Peter M Howard ::

‘Sucker Punch’ and the Decline of Strong Woman Action Heroines

29Mar2011 [links]

Sady Doyle has an interesting article in The Atlantic, 'Sucker Punch' and the Decline of Strong Woman Action Heroines.

Like Doyle, I had great expectations for Sucker Punch, not as a good film, but at least as an entertaining one. Mashing together a bunch of action genres with a bunch of strong, and yes, sexy, female leads seems like a winning formula. It even worked for Dollhouse, once it got through the pilot and the ick factor of dressing girls (and a few boys) up sexy to play out sexual fantasies. But of course, Snyder is no Whedon, and the reactions I've heard to the former's work haven't been promising. I've not yet seen the film, but now I'm not sure I want to, when not long ago I was absolutely going to see it. From Doyle, describing the film's appeal:

It had to do with the goofy, thrilling payoffs promised by its trailers: Strong Women with dragons! Strong Women with robots! Strong Women destroying robots and dragons, with swords! Indeed, all of these things were present. But Sucker Punch still managed to disappoint. It has the dragons, the robots, the steampunk zombies; it has everything. Except for the Strong Women.
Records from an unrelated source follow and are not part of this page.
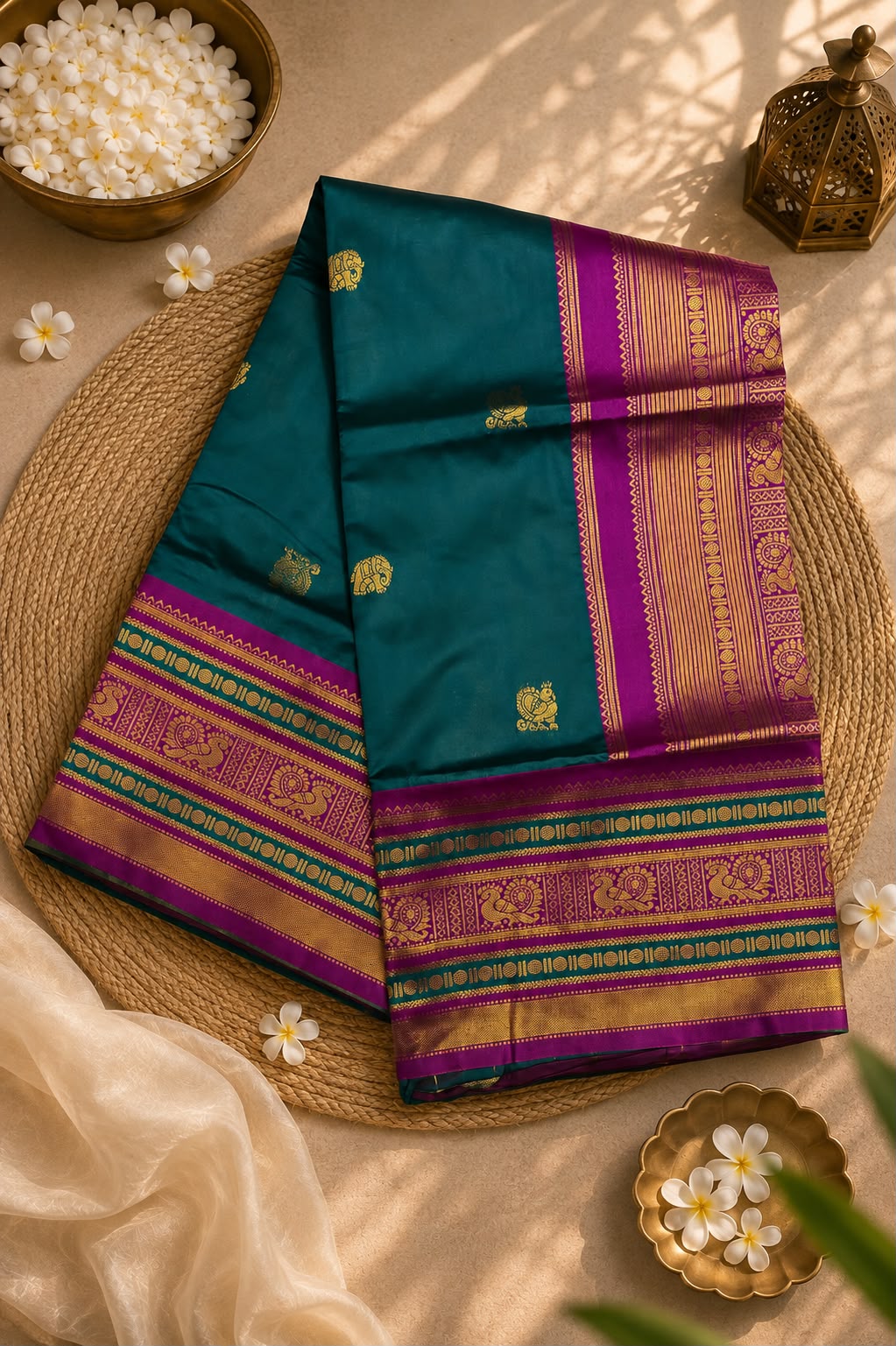 Imaginative Rama Pure Banarasi Silk Saree With Palimpsest Blouse Piece
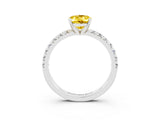 White gold Oval Cut Solitaire Pave Diamond Engagement Ring with Four-Prong Setting_15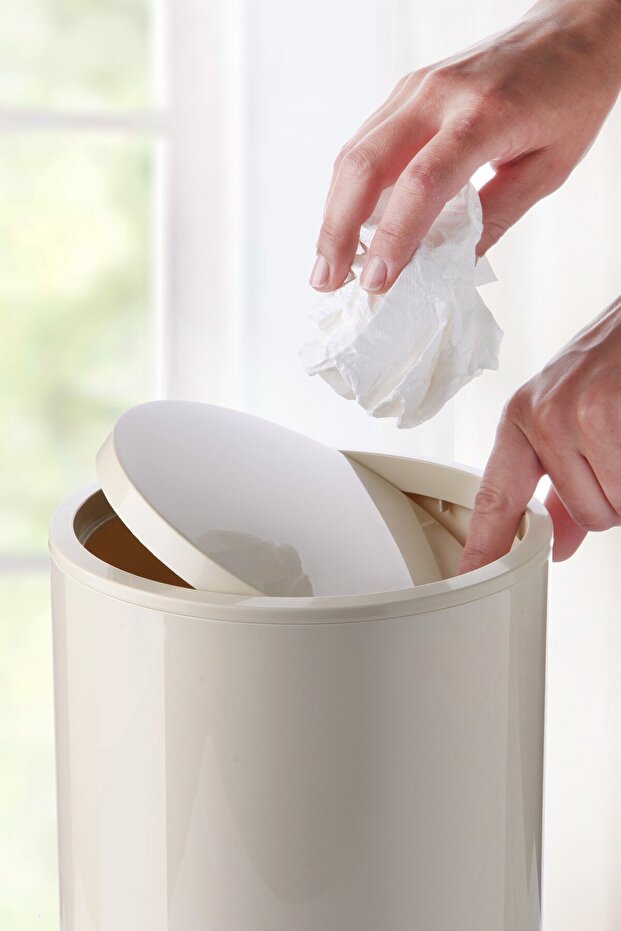 Flores 2'li Banyo Seti Çöp kovası Tuvalet fırçası - Bej - 2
She continues, reviewing the "strong women" concept within film's recent history, placing Sucker Punch at the end of the title's decline.

But the mixed messages of Sucker Punch—girls are powerful! Resistance to male abuse is ultimately futile and you will die! Being reduced to a sexual object is terrible! You can take charge, using your sexuality!—are weirdly compelling, as a statement on our cultural cluelessness about what "female empowerment" means.

She doesn't delve much into it, but the confusion around empowerment is key, and fascinating (though of course, I can afford to be fascinated so long as my own empowerment is unquestioned). I'm reminded, tangentially, of Atwood's Lady Oracle, which I've only just read, but which was written back in the 70s, and yet seems so modern. It features some contextual elements that date it, but for the most part its message around identity and empowerment is crucial. I'm left wondering just how much of that is the novel's contemporary feminism, now lost to subsequent feminist waves, and how much is Atwood. Even as a combination of both, it's no surprise that 70s feminists might be disappointed by the lack of progress since then, and if Sucker Punch is any indication, by the cause's regress.

The good news: People hate Sucker Punch. [...] There's a chance that Hollywood will listen; that theyʼll see a need, among moviegoers, for "girl power" movies that don't insult the girls. Of course, there's a better chance that they'll shrug their shoulders, and go back to making movies about men. That always works.